From: mathieu.desnoyers@efficios.com (Mathieu Desnoyers)
To: linux-arm-kernel@lists.infradead.org
Subject: arm64/v4.16-rc1: KASAN: use-after-free Read in finish_task_switch
Date: Wed, 14 Feb 2018 18:53:44 +0000 (UTC) [thread overview]
Message-ID: <254787533.21950.1518634424009.JavaMail.zimbra@efficios.com> (raw)
In-Reply-To: <20180214165131.o25r3hhrtrjk3ejq@lakrids.cambridge.arm.com>
----- On Feb 14, 2018, at 11:51 AM, Mark Rutland mark.rutland at arm.com wrote:
> On Wed, Feb 14, 2018 at 03:07:41PM +0000, Will Deacon wrote:
>> Hi Mark,
>
> Hi Will,
>
>> Cheers for the report. These things tend to be a pain to debug, but I've had
>> a go.
>
> Thanks for taking a look!
>
>> On Wed, Feb 14, 2018 at 12:02:54PM +0000, Mark Rutland wrote:
>> The interesting thing here is on the exit path:
>>
>> > Freed by task 10882:
>> > save_stack mm/kasan/kasan.c:447 [inline]
>> > set_track mm/kasan/kasan.c:459 [inline]
>> > __kasan_slab_free+0x114/0x220 mm/kasan/kasan.c:520
>> > kasan_slab_free+0x10/0x18 mm/kasan/kasan.c:527
>> > slab_free_hook mm/slub.c:1393 [inline]
>> > slab_free_freelist_hook mm/slub.c:1414 [inline]

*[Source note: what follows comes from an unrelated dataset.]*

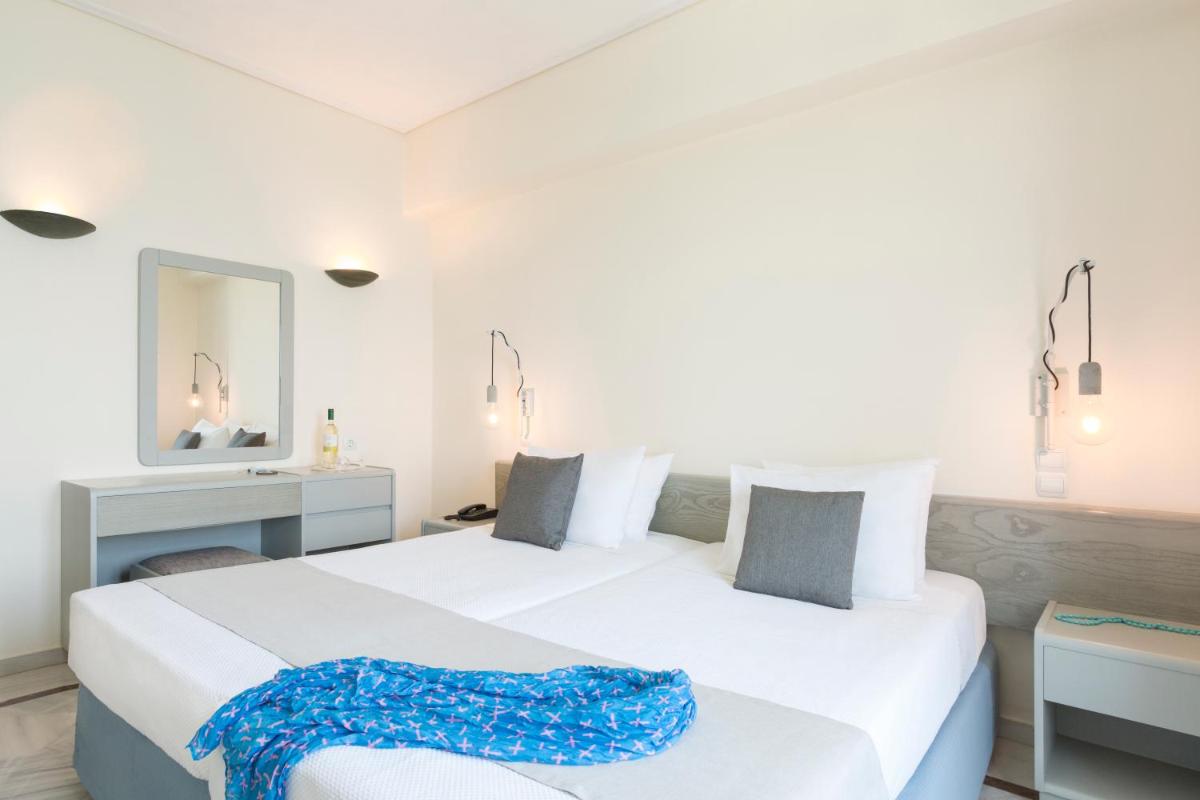Samaina Port Hotel - Housity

>> > slab_free mm/slub.c:2968 [inline]
>> > kmem_cache_free+0x88/0x270 mm/slub.c:2990
>> > __mmdrop+0x164/0x248 kernel/fork.c:604
>>
>> ^^ This should never run, because there's an mmgrab() about 8 lines above
>> the mmput() in exit_mm.
>>
>> > mmdrop+0x50/0x60 kernel/fork.c:615
>> > __mmput kernel/fork.c:981 [inline]
>> > mmput+0x270/0x338 kernel/fork.c:992
>> > exit_mm kernel/exit.c:544 [inline]
>>
>> Looking at exit_mm:
>>
>> mmgrab(mm);
>> BUG_ON(mm != current->active_mm);
>> /* more a memory barrier than a real lock */
>> task_lock(current);
>> current->mm = NULL;
>> up_read(&mm->mmap_sem);
>> enter_lazy_tlb(mm, current);
>> task_unlock(current);
>> mm_update_next_owner(mm);
>> mmput(mm);
>>
>> Then the comment already rings some alarm bells: our spin_lock (as used
>> by task_lock) has ACQUIRE semantics, so the mmgrab (which is unordered
>> due to being an atomic_inc) can be reordered with respect to the assignment
>> of NULL to current->mm.
>>
>> If the exit()ing task had recently migrated from another CPU, then that
>> CPU could concurrently run context_switch() and take this path:
>>
>> if (!prev->mm) {
>> prev->active_mm = NULL;
>> rq->prev_mm = oldmm;
>> }
>
> IIUC, on the prior context_switch, next->mm == NULL, so we set
> next->active_mm to prev->mm.
>
> Then, in this context_switch we set oldmm = prev->active_mm (where prev
> is next from the prior context switch).
>
> ... right?
>
>> which then means finish_task_switch will call mmdrop():
>>
>> struct mm_struct *mm = rq->prev_mm;
>> [...]
>> if (mm) {
>> membarrier_mm_sync_core_before_usermode(mm);
>> mmdrop(mm);
>> }
>
> ... then here we use what was prev->active_mm in the most recent context
> switch.
>
> So AFAICT, we're never concurrently accessing a task_struct::mm field
> here, only prev::{mm,active_mm} while prev is current...
>
> [...]
>
>> diff --git a/kernel/exit.c b/kernel/exit.c
>> index 995453d9fb55..f91e8d56b03f 100644
>> --- a/kernel/exit.c
>> +++ b/kernel/exit.c
>> @@ -534,8 +534,9 @@ static void exit_mm(void)
>> }
>> mmgrab(mm);
>> BUG_ON(mm != current->active_mm);
>> - /* more a memory barrier than a real lock */
>> task_lock(current);
>> + /* Ensure we've grabbed the mm before setting current->mm to NULL */
>> + smp_mb__after_spin_lock();
>> current->mm = NULL;
>
> ... and thus I don't follow why we would need to order these with
> anything more than a compiler barrier (if we're preemptible here).
>
> What have I completely misunderstood? ;)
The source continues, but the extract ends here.